The agora itself lay to the north and has not been excavated apart from a very impressive fountain house adjacent to the northern side dedicated to Arsinoe. It was a long rectangular structure over 40 metres long, reminding us that the provision of a fountain with pure water was an important function of an agora. It was fed by an aqueduct from a source in the nearby modern village. Adjacent to the Fountain house, the corner of the northern stoa of the agora has been excavated, hinting that the agora itself must have been a large and impressive structure.
Adjacent to it was the theatre, quite a small one by Greek standards, but no doubt sufficient. The other main structure however was the stadium, built to the south and now impressively restored, together with evidence that in the 4th century AD the Romans converted it into an amphitheatre.
Today ancient Messene lies in one of the poorest parts of Greece. It is not at the modern town of Messene on the coast, but 20 miles to the north and thanks to a large grant from the EU it is currently being excavated. It is in a wonderfully fertile area, and is being made into an impressive visitor attraction.
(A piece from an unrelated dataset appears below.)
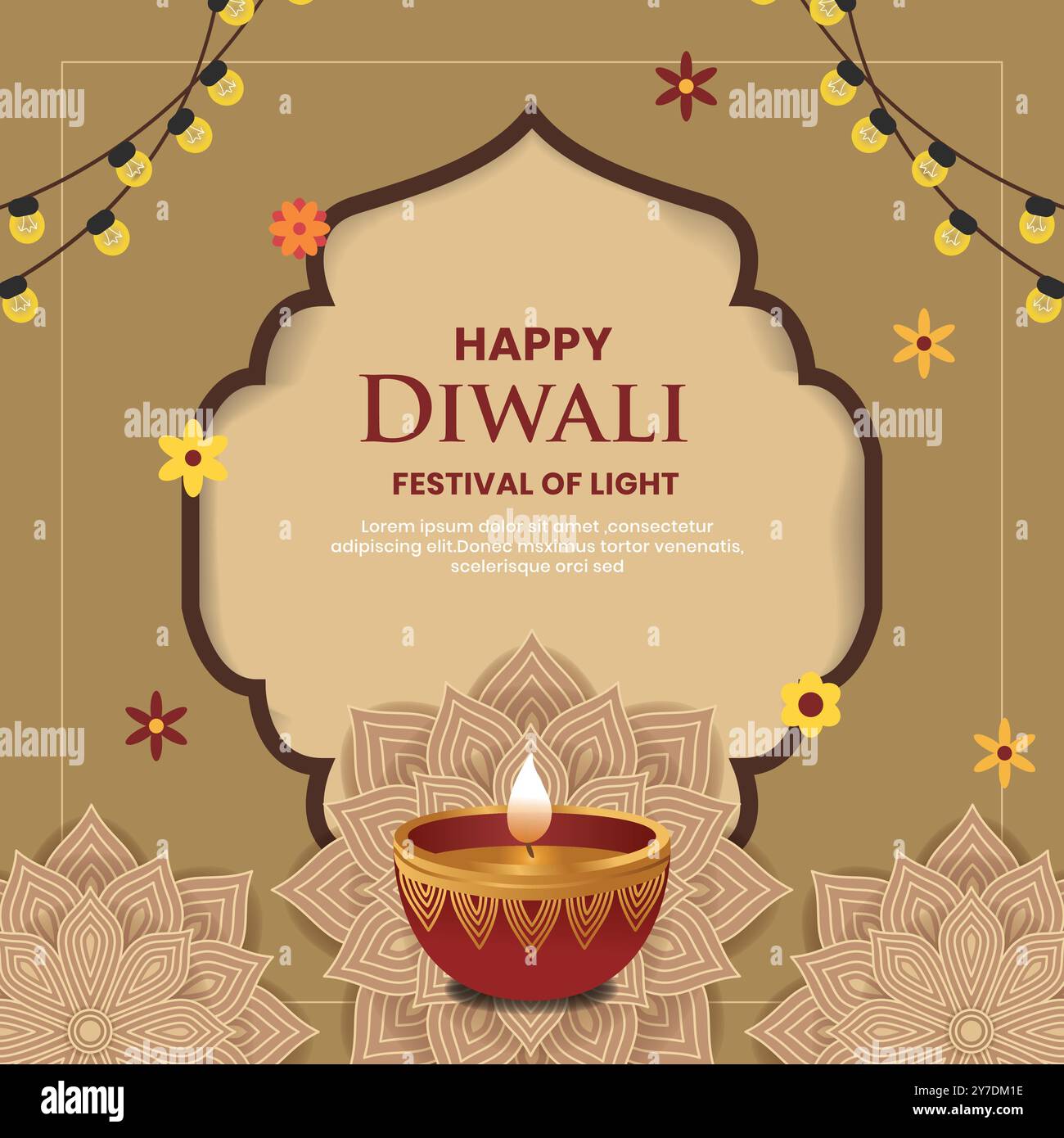 Traditional diwali festival card with diya lamp,candle and flowers ...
The Thebans who founded it would be pleased: today, it is certainly ‘Smarter than Sparta.
One thing absent from a Greek town is, of course, the Palace. However, there is one semi-Greek town that does have a Palace and that is Pella, the capital of Macedonia, the home town of Alexander the Great. At first it appears to be a perfectly normal Greek town with a large agora at the centre.
To the south of the agora, a number of wealthy houses have been excavated with splendid pebble mosaics,– coloured tesserae had not yet been invented. The administrative buildings were on the north, while in the south-west corner was the archive building where numerous sealings inscribed ‘Pella exchange’ were found.
However on a low hill to the north, was a grandiose palace. This had five separate courtyards which formed the real administrative centre as well as a grandiose Royal residence with their suites of banqueting rooms and baths.
This solves the old conundrum: was Macedonia Greek or not? Was Alexander the Great really Greek? The answer was half and half. Here, in his capital there is both a grandiose Royal Palace and Greek-style town laid out on Hippodamian principles with a fine agora at the centre. An agora is something you have to have if you are going to pretend to be Greek.
If therefore you are visiting a Greek town, don’t spend too much time on the temples: temples are indeed fascinating, but it is the agora that was the heart of the town. Look at its relation to the rest of the town. Look at the stoas where market trading and the gossiping took place. Look at the Council house and the administrative buildings. Remember that in Greece, one-man rule was rare: the opposite of democracy was an aristocracy and the Council house would be where the leading citizens would meet and try to perpetuate their rule. Look for the fountains and the law courts. And then look for the theatre and the temples, and see what was their relation to the agora. For it was the agora that was the heart of the town, and this must be the starting point if we are to understand how a Greek town really worked.